Today's secret Klingon Word:zoefuda
Klingonese for horseradish

Eric Gordy said...

In Serbia: ren
In Croatia: hren
In japan: wasabi

Yakima_Gulag said...

hvala najlipsa! this helps me a LOT! :)
I knew what it was called in Japanese, and actually REAL wasabi isn't horseradish, it's a relative of watercress, which is seriously expensive, so it's seldom seen in the U.S. Powdered 'wasabi' available in stores is actually powdered 'Western Wasabi' aka horseradish, dyed with spinach, and if you are lucky flavored with a tiny hit of real wasabi.

Bg anon said...

Is horseradish at all available in the region?


There are many afficionados. Ren is particularly eaten with pork.

Heres a culinary tip, if you are ever served a bland soup either at somebodies house or in a restaurant ask for some ren. It really does the trick in the flavour department.

Eric whats the name of the street? And we are talking pretty cheap right?

Eric Gordy said...

It's on Braca Baruh. It's not super cheap, I guess about standard prices for Bg restaurants.

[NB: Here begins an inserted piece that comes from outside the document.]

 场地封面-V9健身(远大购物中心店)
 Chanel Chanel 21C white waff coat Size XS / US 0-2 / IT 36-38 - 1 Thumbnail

But if it's specialties with ren you are after, go for Stara Hercegovina. It's a hyperkafana, they specialize in large hunks of meat with beer.

Yakima_Gulag said...

I made some rastan sarama probably not perfect, because a real recipe wasn't findable online, but probably close enough, and it was GOOD, I am going to do that again sometime! I used the leaves, blanched them, and did a mix of lamb and rice, just salt and pepper for seasonings, and then cooked the lot in chicken broth. The lack of the right sausage was too bad, but we don't have that in our Gulag! :)
It came out delicious and yes went quite nicely with a glass of slivo!:)

András said...

Here's a recipe, one of several (all variations on the same theme) found on Montenegro tourism websites, e.g.
and in Montenegrin recipes section of the cooking Wipedia


For the preparation of japraci you need 1kg of rastan, 400g of beef meat, 2dl of oil, 150g of onion, and 80g of rice, salt, pepper and parsley as you wish, and 200g of dry meat.

Fresh and young leaves of rastan you have to separate from the stalk and separate the bumped part of the leaf. Wash them in the cold water and cook them in boiling salted water for a couple of minutes. When the leaves are blanched take them out and immediately put them in cold water so that they can preserve the natural color. Until the usage keep them in cold water. Beef’s meat from the neck or from the shoulder blade should be separated from the bones, any root hairs and fat and chopped with a sharp knife. Peel the onion wash it and chop it in small. Select the rice and wash it, and then drain it good. In a suitable dish on the fat which is already on a hot temperature put the chopped onion so that it can be stewed. On the stewed onion you add the chopped meat ands stew all that together. When the onion and the meat are stewed you add a certain dose of the prepared rice and stew that all together. You spice the mass with a little bit of salt, milled pepper and parsley and let that all to cool off. On every leaf of rastan you put a spoon of the mass and fold (roll) the leaves. Out the rolls in the pot, pour over the water, let the rolls boil on a hot temperature, and then cook them for about 2 hours on a low temperature. (Suggestion: between japraci you could put dry meat – 1 piece per portion – and cook all that together). In the end put in the browned flour (in hot fat stew the flour with red pepper and pour that over japraci) and let that boil for few more minutes. Serve them with sour milk.

Igor said...

Hren also in Slovene. It's a part of a traditional Easter meal (breakfast usually).